Indigenous plant knowledge represents, among other things, the continuity and validity of oral tradition, the value of Indigenous knowledge, and the deep connections of Indigenous peoples to the land. Acquired over millennia by observation and trial and error, Indigenous medicine was in many ways more scientific than the bleeding, blistering, and purging practices advocated by nineteenth-century Western medicine.20 Even though Peter Jones recommended jettisoning many Indigenous customs and adopting white ways, he maintained his great respect for Indigenous medicines and prescribed them, including to his British wife, who suffered from migraine headaches and bouts of the flu.21
In History of the Ojebway Indians, Jones notes, “I have known instances of persons who had been given up by regular physicians, being restored to health by the simple administration of Indian medicines; and many of the white people, who have great confidence in their beneficial effects, will travel miles to place themselves under the care of an Indian doctor.”22 In late 1855, when Jones himself lay dying, he stayed for several weeks at the home of Egerton Ryerson in Toronto, where the best Western-trained doctors were consulted to no avail. The Reverend G. Osborne recounted in the introduction to Jones’ posthumously published History: “When the Indians of the New Credit came, much sorrow filled their hearts to see their best earthly friend so low, that they proposed, at their own expense, to dispatch a messenger to Rice Lake for a noted Indian doctor.”23 (Jones died before the medicine man could be consulted.)
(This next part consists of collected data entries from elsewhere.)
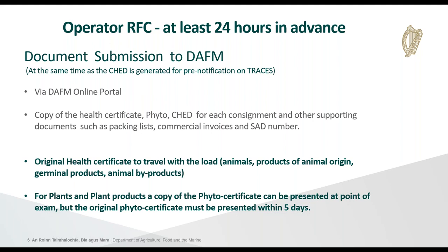On the online portal you will upload a copy of the health certificate — a phyto certificate is required for plant and plant products if that's what you're importing — a copy of the Common Health Entry Document for each consignment, and supporting documents for the entire load such as packing lists and commercial invoices. You'll also need the Single Administrative Document number from customs. The important thing to remember is that the original health certificate must travel with the load. For animals and products of animal origin, the driver must pick up the original health certificate from the place of loading and present it to the border control post when presenting the load for inspection.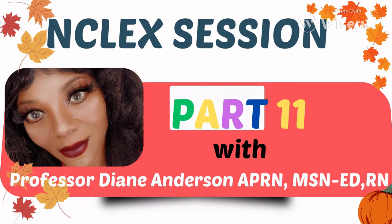Hi guys, good morning and welcome back to NCLEX session. We're now in part 11. I am Professor Diane Anderson. I am an advanced practice nurse. I have a master's in education and I've been an RN for over 20 years.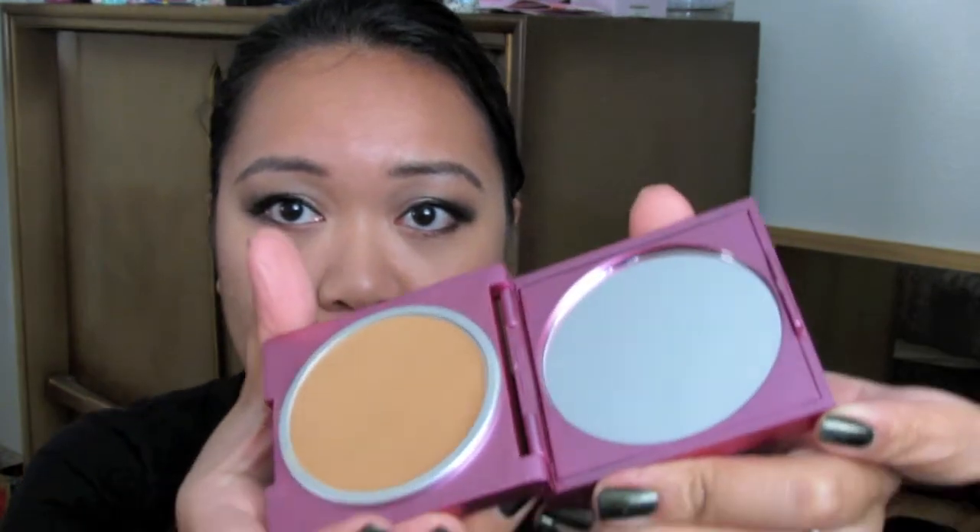So now my face looks even. That's the face defender. The next product I got is the Ultimate Performance Professional Foundation in Tan. It comes in a magenta pink compact with a generously sized mirror. This is pretty much your foundation — a creamy foundation. Here's a swatch of it.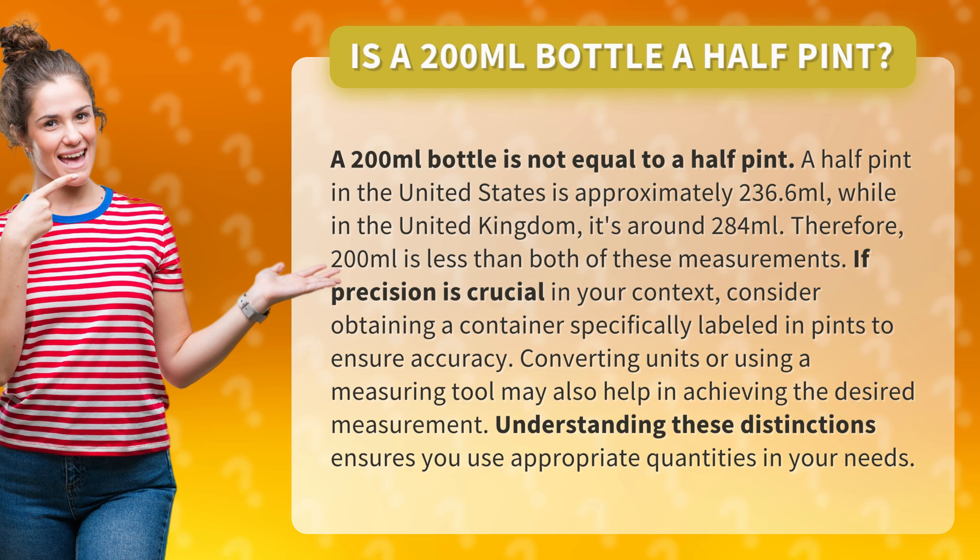If precision is crucial in your context, consider obtaining a container specifically labeled in pints to ensure accuracy. Converting units or using a measuring tool may also help in achieving the desired measurement. Understanding these distinctions ensures you use appropriate quantities in your needs.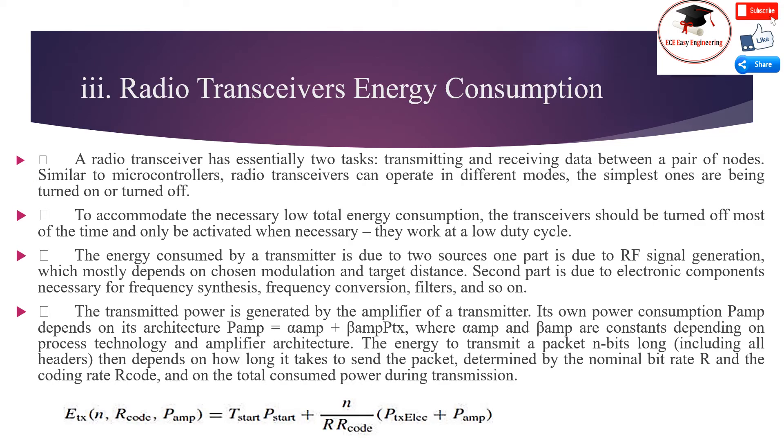Radio transreceiver energy consumption: A radio transreceiver has essentially two tasks — transmitting and receiving data between a pair of nodes. Similar to a microcontroller, radio transreceivers can operate in different modes; the simplest are being turned on or turned off. To accommodate the necessary low total energy consumption, the transreceiver should be turned off most of the time and only activated when necessary, working at a low duty cycle. The energy consumed by a transmitter comes from two sources: one part is due to RF signal generation, which mostly depends on the chosen modulation and target distance; the second part is due to electronic components necessary for frequency synthesis, frequency conversion, filters, and so on.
Indigenous knowledge of midwifery and plant medicines was sought out by settlers and continued to be used and passed on in Indigenous communities. As the number of medicine men (powwows) decreased because of persecution or Christian conversion, traditional healing knowledge was increasingly carried by women.24 For example, Sarah Tekarihogen, the Mohawk wife of Augustus Jones, taught her daughter Catherine Jones Russell traditional healing and plant medicines. A descendant recalled Catherine’s response when a young man fell and dislocated his shoulder: “Grandmother Catherine took off her shoe, put her foot against his ribs then pulled his shoulder into place. She then reached into her bag, took out a ball of yarn and placed it firmly in his armpit before bandaging the arm to his side; the shoulder healed perfectly.”25
My own great-grandmother was a midwife and a medicine woman. She was well known in the community for delivering babies and being that person who was always helping out all over the place. Even dressing dead people and getting them ready for a funeral. I have heard of her—other people have told me about her doing that . . . Her name was Anne Sandy Nanigishking.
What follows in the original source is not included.